*** Block opens ***
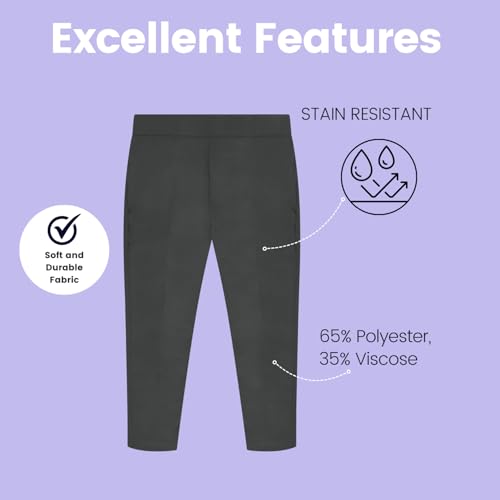 Pantalones escolares de uniforme resistente para niños con cintura elástica 4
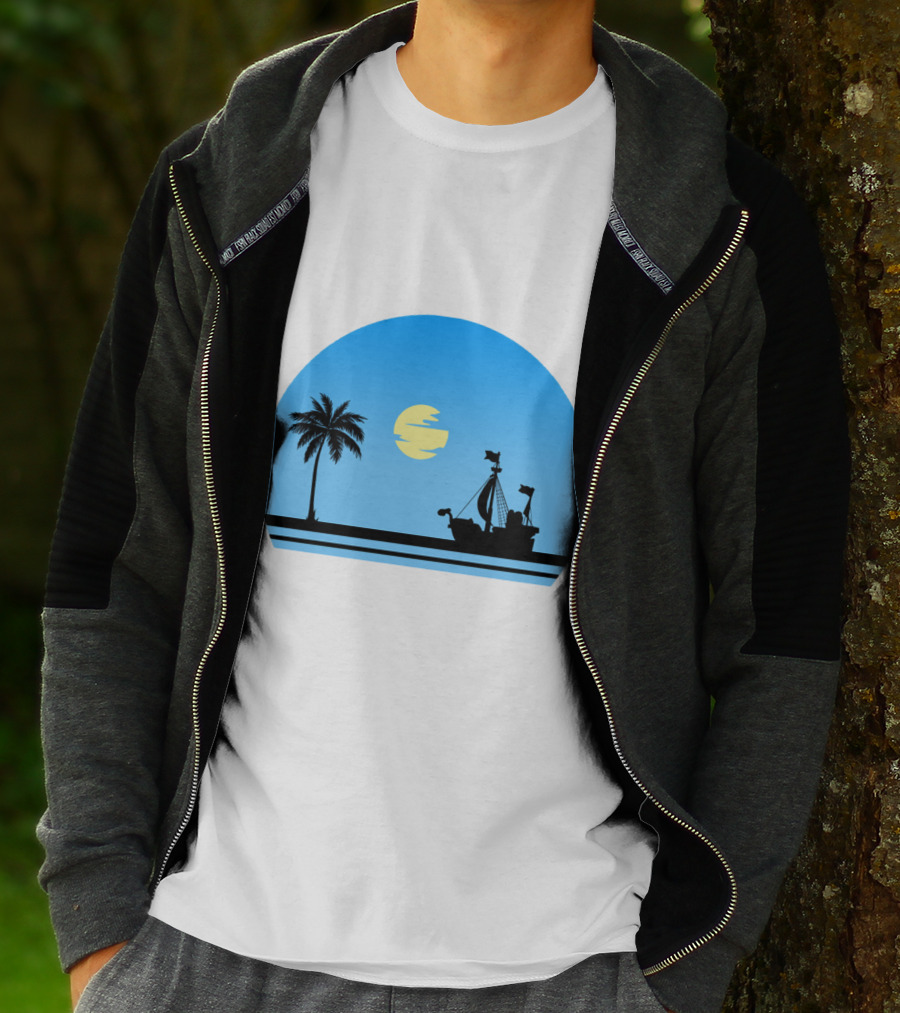 Going Merry Ship Silhouette Sunrise With Palm Tree And Sun T-Shirt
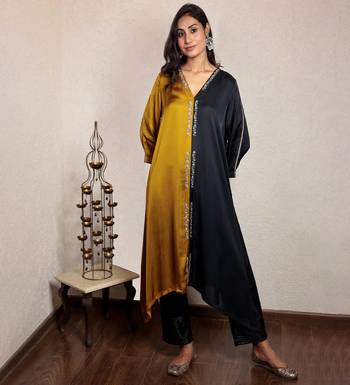 modal silk asymmetric kurta with hand embroidery 1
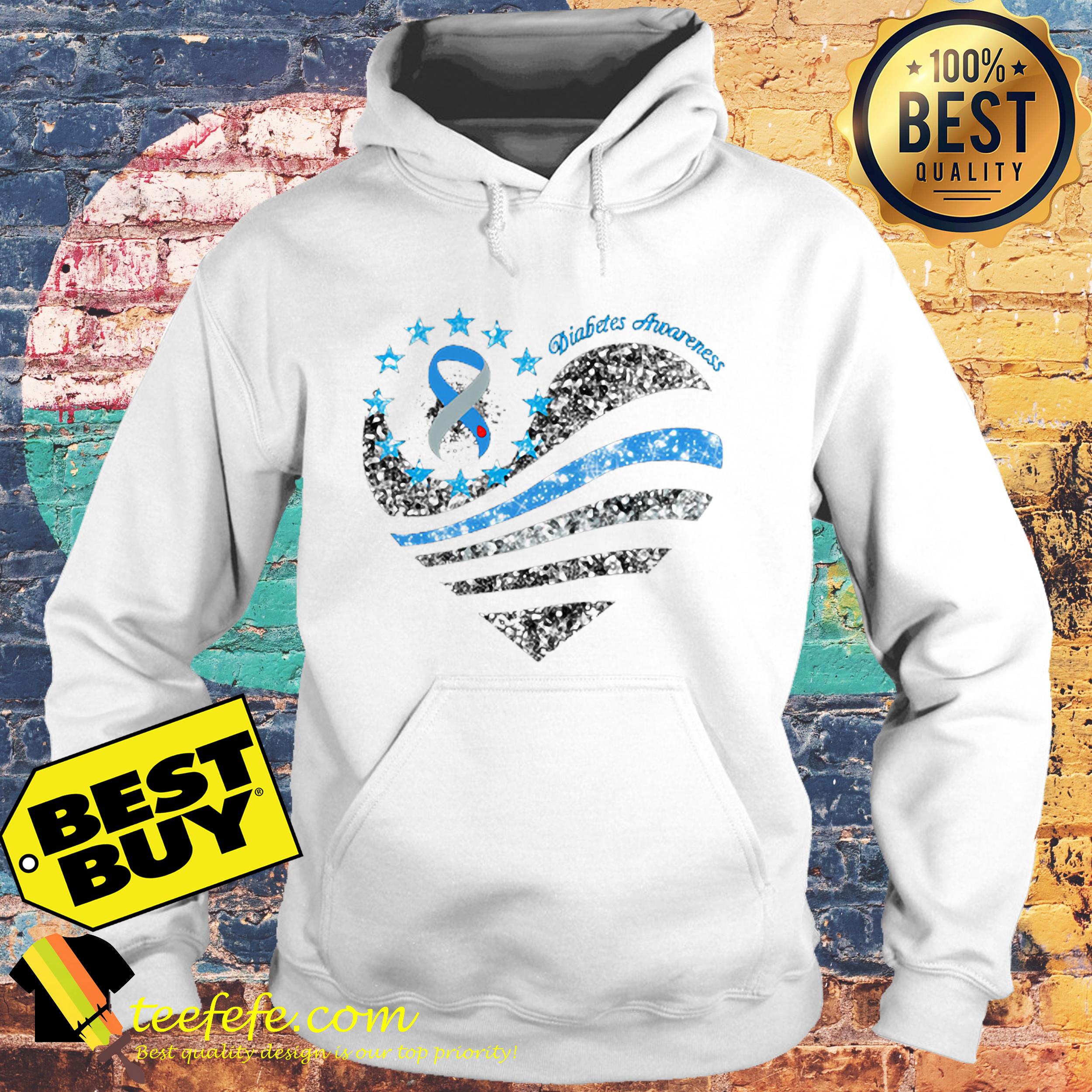 Glitter Diabetes Awareness Betsy Ross heart hoodie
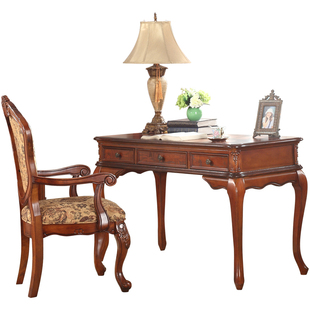 美式实木书桌椅子办公桌组合欧式书房家具电脑桌台式家用写字台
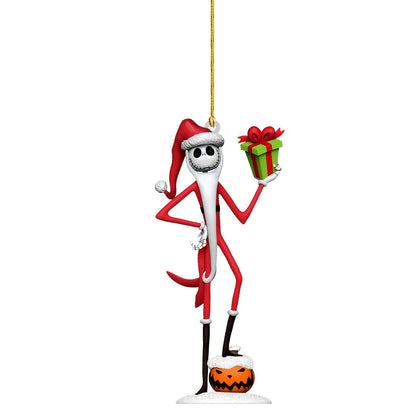 Acrylic pendant doll ornament of a red-and-white skeleton jester holding a present box.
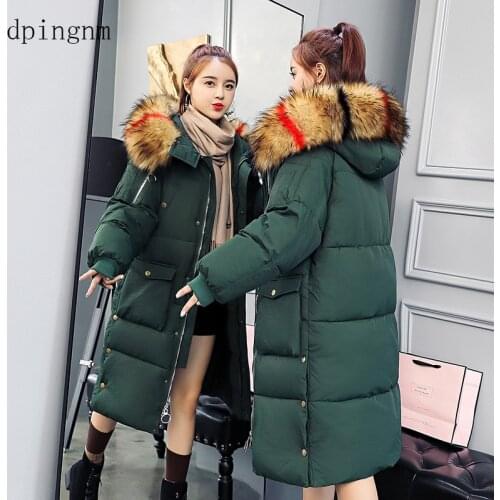 New 2018 Winter Jacket Women Coats Artificial raccoon hair collar Female Parka black Thick Cotton Padded Lining Ladies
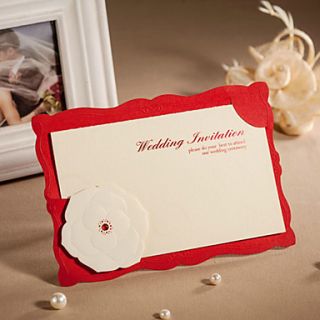 Charming Embossed Red Wedding Invitation   Set of 50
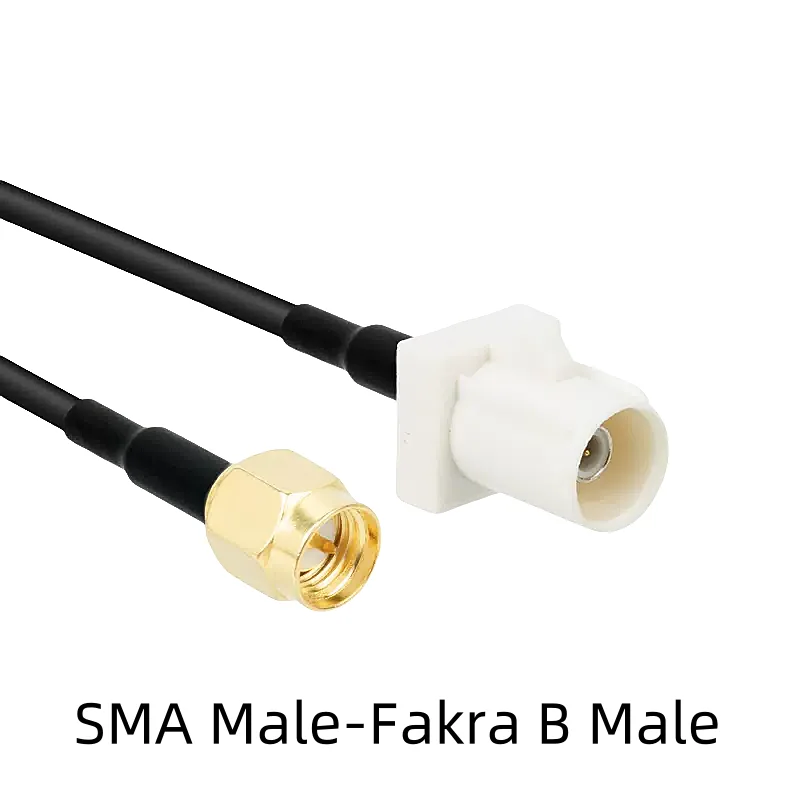 Cable de extensión Fakra B macho/hembra a SMA macho/hembra, Antena GPS, conector coaxial, Cable Pigtail, blanco, RG174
*** Block closes ***
WORK ORDER:
Every line above is to be written out unchanged, with the pictures omitted.

FINISHED EXERCISE:
 Pantalones escolares de uniforme resistente para niños con cintura elástica 4
 Going Merry Ship Silhouette Sunrise With Palm Tree And Sun T-Shirt
 modal silk asymmetric kurta with hand embroidery 1
 Glitter Diabetes Awareness Betsy Ross heart hoodie
 美式实木书桌椅子办公桌组合欧式书房家具电脑桌台式家用写字台
 Acrylic pendant doll ornament of a red-and-white skeleton jester holding a present box.
 New 2018 Winter Jacket Women Coats Artificial raccoon hair collar Female Parka black Thick Cotton Padded Lining Ladies
 Charming Embossed Red Wedding Invitation   Set of 50
 Cable de extensión Fakra B macho/hembra a SMA macho/hembra, Antena GPS, conector coaxial, Cable Pigtail, blanco, RG174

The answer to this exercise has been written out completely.